Developed by Dvitva AI.

Model Details

Model pothana-base-300M
Architecture LLaMA (RoPE + SwiGLU + RMSNorm + GQA)
Parameters 387M (unique)
Hidden size 1024
Layers 30 unique (60 effective via weight sharing)
Attention heads 16 Q / 4 KV (Grouped Query Attention)
Intermediate size 2816
Context length 2048
Vocab size 48,000
Tokenizer SentencePiece Unigram (48K)
Training Single GPU, bf16 mixed precision
Developed by Dvitva AI

Quick Start

Using pipeline

from transformers import pipeline

pipe = pipeline("text-generation", model="dvitvaai/pothana-base-300M", trust_remote_code=True)
result = pipe("తెలుగు భాష", max_new_tokens=50, do_sample=True, temperature=0.8)
print(result[0]["generated_text"])

Note: trust_remote_code=True is required for the custom tokenizer that cleans up SentencePiece word boundary markers for readable output.

Manual loading

from transformers import AutoModelForCausalLM, AutoTokenizer
import torch

model = AutoModelForCausalLM.from_pretrained("dvitvaai/pothana-base-300M")
tokenizer = AutoTokenizer.from_pretrained("dvitvaai/pothana-base-300M", trust_remote_code=True)

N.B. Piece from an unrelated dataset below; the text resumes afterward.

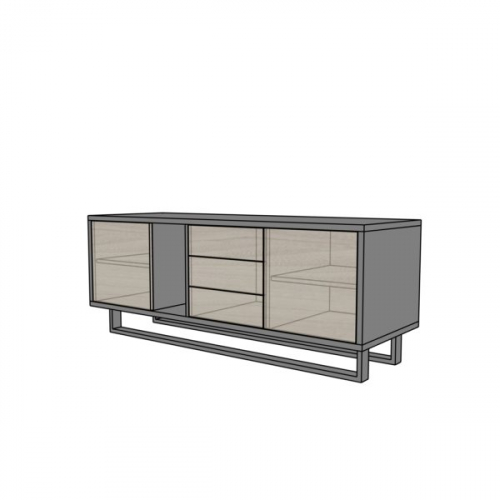 Pomocnik podporowy EVP15 na płozie 160x55x62,7h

text = "తెలుగు భాష చాలా అందమైనది"
inputs = tokenizer(text, return_tensors="pt")

with torch.no_grad():
    outputs = model.generate(
        **inputs,
        max_new_tokens=100,
        temperature=0.8,
        top_k=50,
        do_sample=True,
    )

print(tokenizer.decode(outputs[0], skip_special_tokens=True))

Tokenizer

This model uses a SentencePiece Unigram tokenizer with a 48K vocabulary, trained directly on Telugu text.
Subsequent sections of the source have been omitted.